Top of DATA EXCERPTS

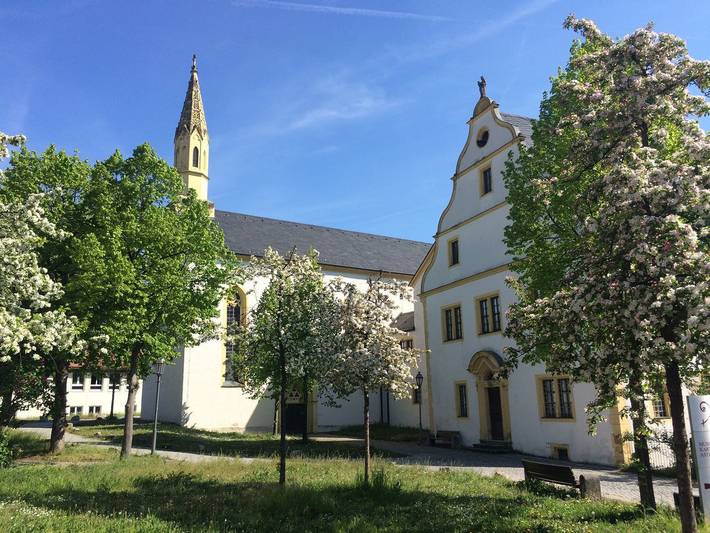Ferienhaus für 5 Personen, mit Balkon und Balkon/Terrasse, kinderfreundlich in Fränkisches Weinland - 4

Bottom of DATA EXCERPTS
Top of DATA EXCERPTS

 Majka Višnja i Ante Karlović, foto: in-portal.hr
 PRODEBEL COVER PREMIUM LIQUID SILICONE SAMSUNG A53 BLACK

Bottom of DATA EXCERPTS

■ TASK TO CARRY OUT ■
Give only the lines from the one holding "Majka Višnja i" through the one holding "PRODEBEL COVER PREMIUM", each restated exactly as it appears above.

■ RESULT ■
 Majka Višnja i Ante Karlović, foto: in-portal.hr
 PRODEBEL COVER PREMIUM LIQUID SILICONE SAMSUNG A53 BLACK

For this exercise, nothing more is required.